18 февраля (3 марта). Кисловодск
Не посмотревшись в высокое зеркало, только вчера купленное и повешенное в передней на место похищенного, Гаркуша оправил черкеску и ремни, прошёлся — как делал всегда, прежде чем надеть кубанку — пятерней по тёмному ёршику, подрастающему на месте былого чуба. Тронув машинально батарею, толкнул дубовую дверь парадного крыльца.
Тусклый матовый шар электрического светильника отхватил у глухой полуночной тьмы лишь низкие гранитные ступеньки, начало дорожки и голые ветки ближайших деревьев. С тонких сосулек, свисающих с кованого козырька, падали сверкающие капли, звонко разбиваясь о терракотовые плиты отмостки.
Беззвёздное небо источало тёплую сырость.
У калитки маялись на часах два конвойца.
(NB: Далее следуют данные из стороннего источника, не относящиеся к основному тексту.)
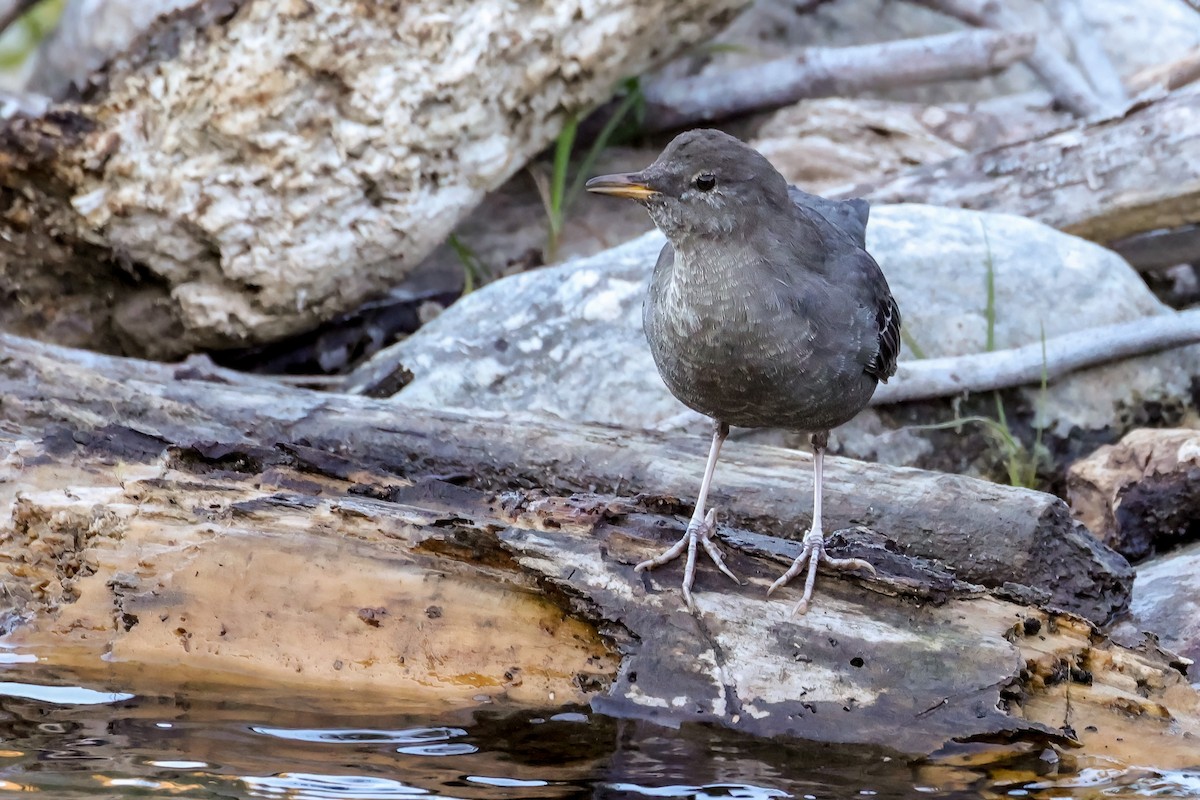 American Dipper - ML642180830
Жёлтый свет уличного фонаря, изогнувшего чугунную шею прямо над их папахами, только сгустил сумрачность на усатых лицах. Подтягиваясь, вопросительно глянули на адъютанта командующего. Но Гаркуша, спрятав повлажневшие глаза, молча прошёл мимо.
И быстро, не разбирая луж, пошагал по пустой Эмировской улице к штабу. Там, на просторном дворе отеля-пансиона, шофёр уже должен заводить «Руссо-Балт»: генерал Юзефович передал приказание по телефону. Ехать — на Базарную площадь, в Николаевский собор. Полунощницу, верно, отслужили, и нужно успеть, пока священники не отошли ко сну. Командующий умирает...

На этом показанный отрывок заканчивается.